# What the task requires
Without including any images, repeat the data exactly.

# Input

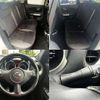 nissan juke 2015 -NISSAN--Juke DBA-YF15--YF15-403418---NISSAN--Juke DBA-YF15--YF15-403418- image 7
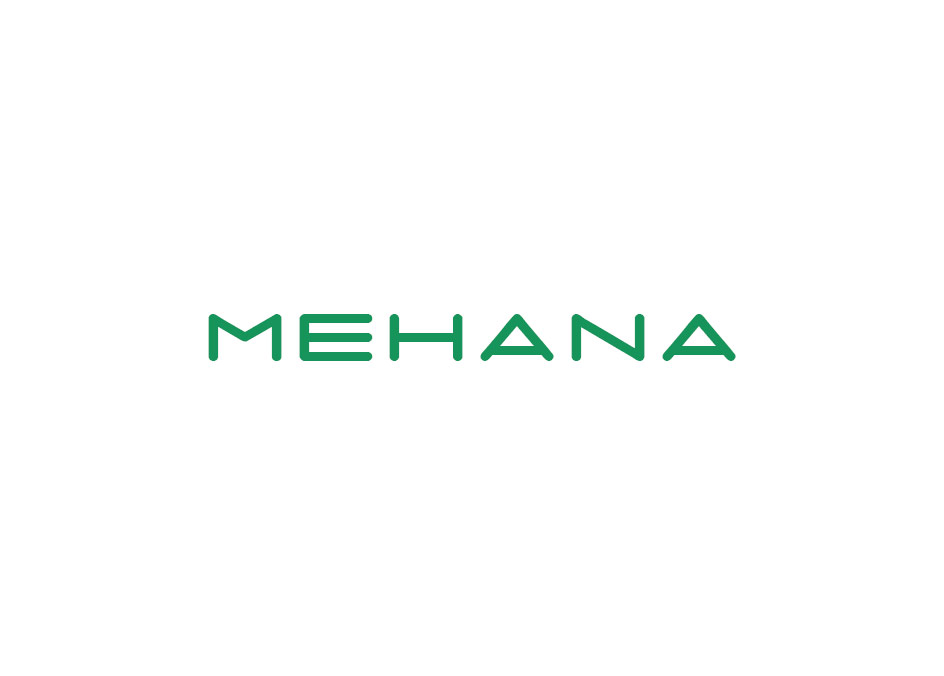 MEHANA OFFICE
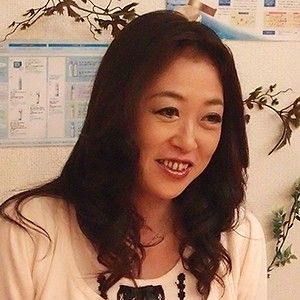 Girlfriends Ms. Misaki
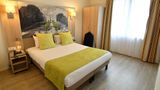 Appart-Hotel Bordeaux Bassins a Flot Room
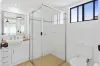 8/1064 Gold Coast Highway, Palm Beach, Qld 4221-Image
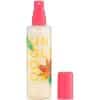 wet n wild Bretman Rock Jungle Rock 3-in-1 Gesichtsspray
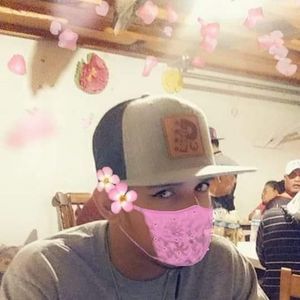 Meet your Posher, Nahnsahu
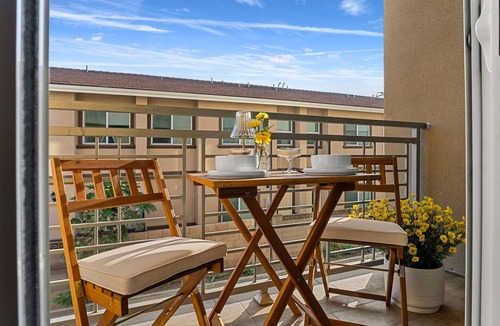 Midway City House | Hangout Haus.MCM. Billiards+Game Room. Disney!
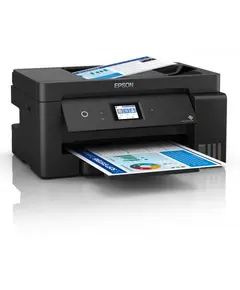 პრინტერი Epson L14150 - TechMall.geპრინტერი Epson L14150 - TechMall.ge ,პრინტერი Epson L14150 - TechMall.ge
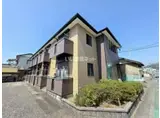 パーシモン館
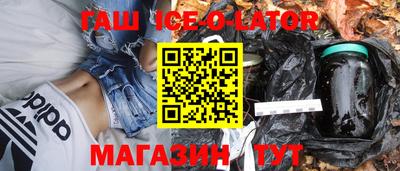 mdpv Кимры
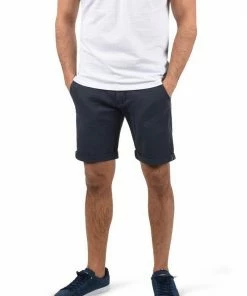 Blitzangebot 🎁 Indicode Chinoshorts »Mews« (0-tlg) kurze Hose mit Gürtel Navy (400), Grey (905), Mid Indigo (858), Black (999) ❤️ -Indicode Verkaufsladen 65e7e0e8 e3fb 58ab 9ae3 e18d1ed3f1c2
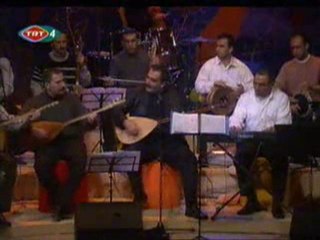 BU ADAM BENİM BABAM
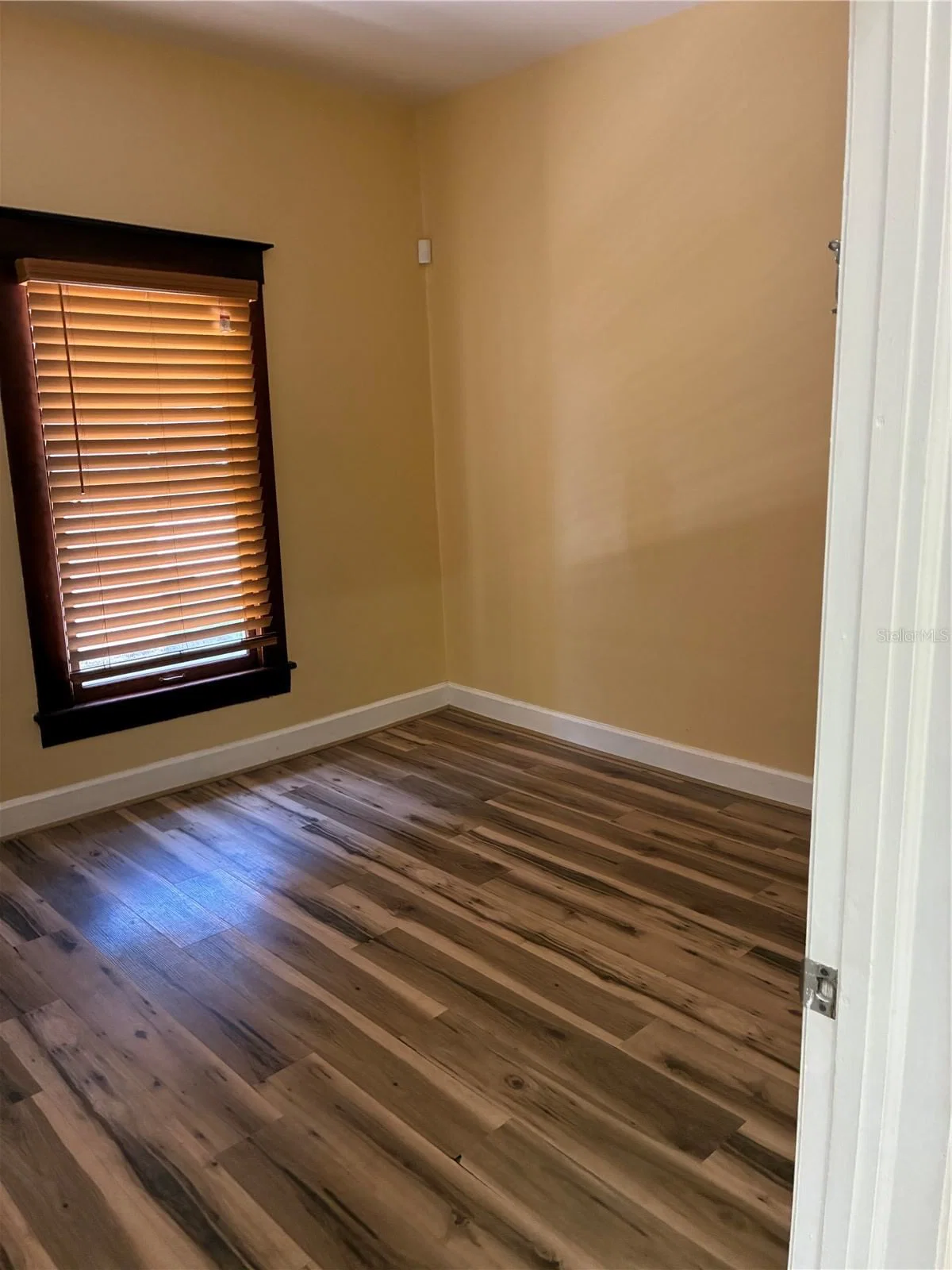 814 MAIN 4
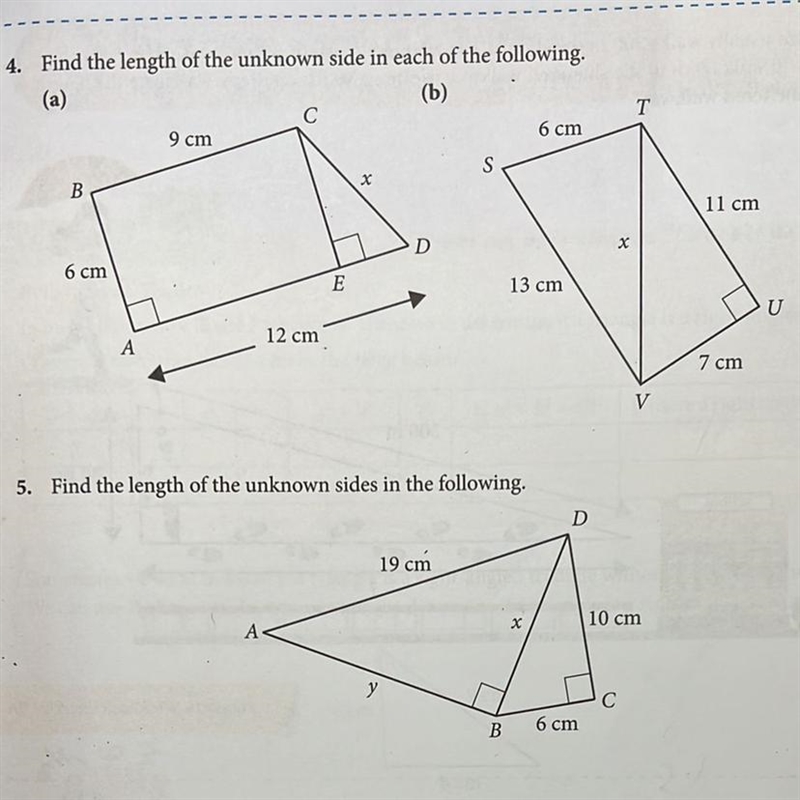 How do i solve this question, anyone help-example-1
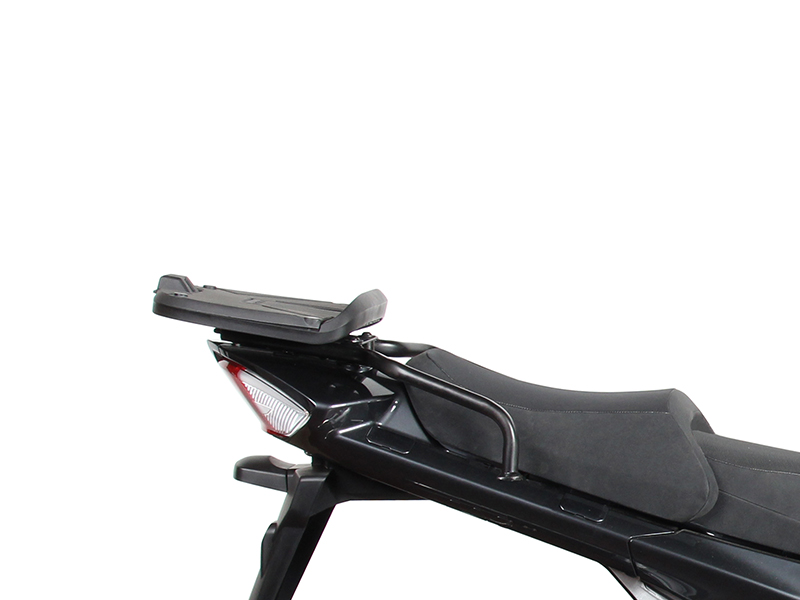 shad-top-master-fijaci-n-para-maleta-superior-yamaha-fjr-1300-parrilla-espec-fic image 2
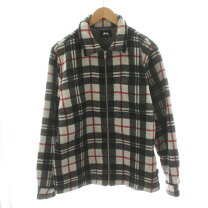 楽天市場】stussy ステューシー チェッカーの通販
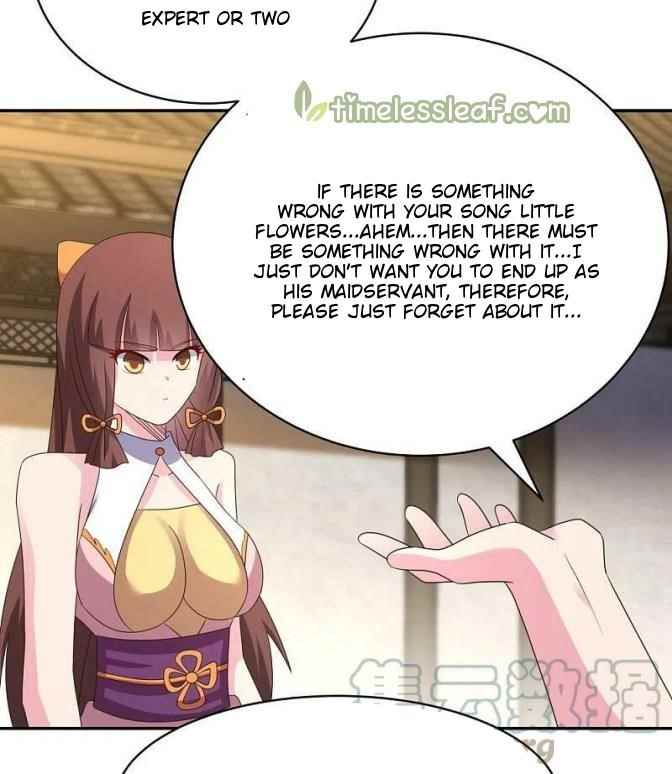 Read Above All Gods EN Manga Online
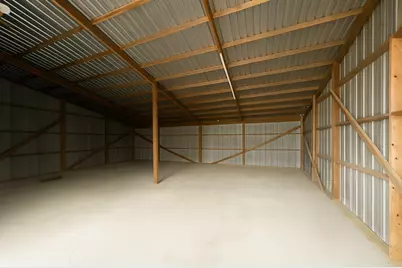 760 E Quinlan Parkway, Quinlan, TX 75474 - Photo 8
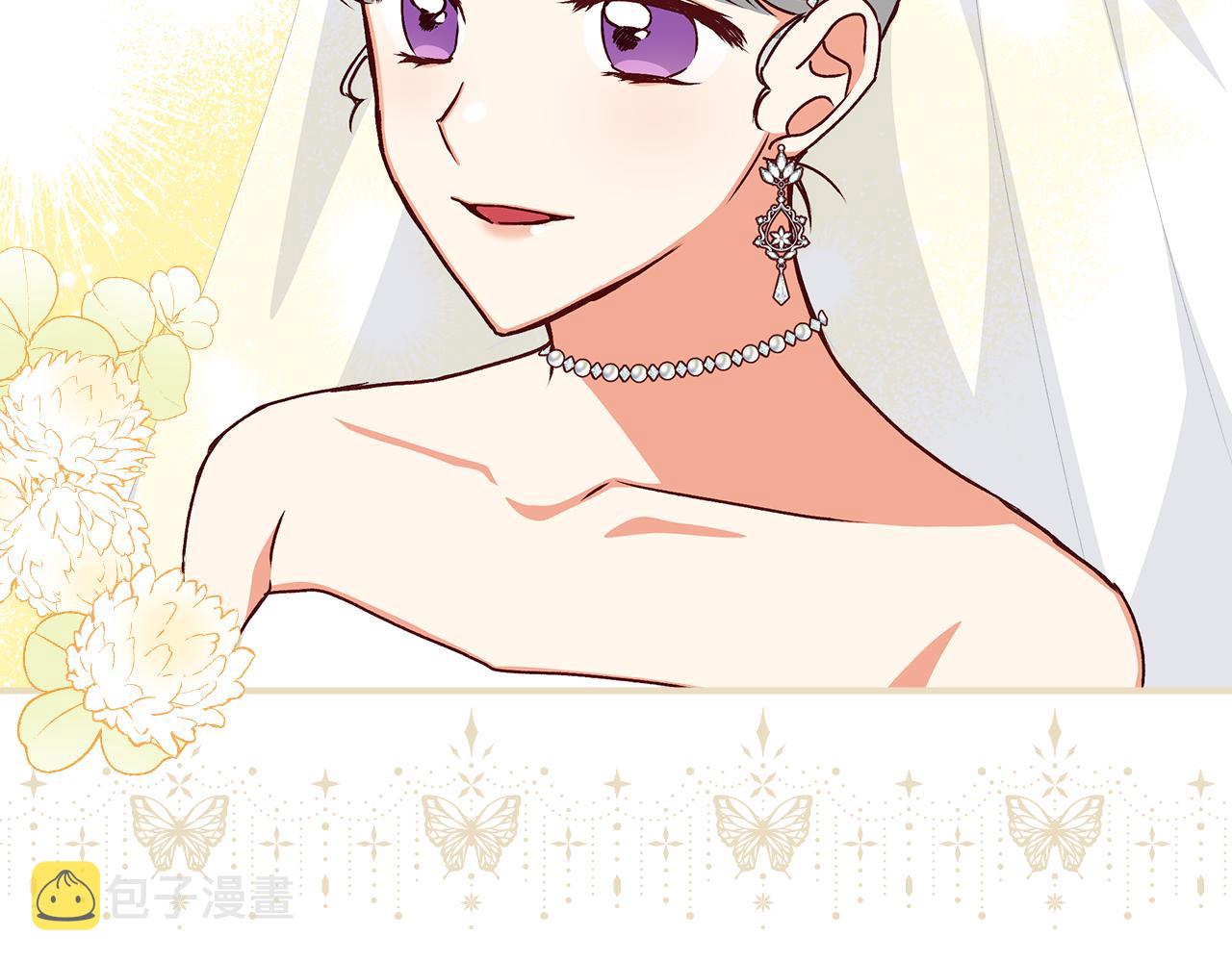 完结篇 婚礼76
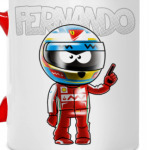 Fernando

# Result of the exercise
 nissan juke 2015 -NISSAN--Juke DBA-YF15--YF15-403418---NISSAN--Juke DBA-YF15--YF15-403418- image 7
 MEHANA OFFICE
 Girlfriends Ms. Misaki
 Appart-Hotel Bordeaux Bassins a Flot Room
 8/1064 Gold Coast Highway, Palm Beach, Qld 4221-Image
 wet n wild Bretman Rock Jungle Rock 3-in-1 Gesichtsspray
 Meet your Posher, Nahnsahu
 Midway City House | Hangout Haus.MCM. Billiards+Game Room. Disney!
 პრინტერი Epson L14150 - TechMall.geპრინტერი Epson L14150 - TechMall.ge ,პრინტერი Epson L14150 - TechMall.ge
 パーシモン館
 mdpv Кимры
 Blitzangebot 🎁 Indicode Chinoshorts »Mews« (0-tlg) kurze Hose mit Gürtel Navy (400), Grey (905), Mid Indigo (858), Black (999) ❤️ -Indicode Verkaufsladen 65e7e0e8 e3fb 58ab 9ae3 e18d1ed3f1c2
 BU ADAM BENİM BABAM
 814 MAIN 4
 How do i solve this question, anyone help-example-1
 shad-top-master-fijaci-n-para-maleta-superior-yamaha-fjr-1300-parrilla-espec-fic image 2
 楽天市場】stussy ステューシー チェッカーの通販
 Read Above All Gods EN Manga Online
 760 E Quinlan Parkway, Quinlan, TX 75474 - Photo 8
 完结篇 婚礼76
 Fernando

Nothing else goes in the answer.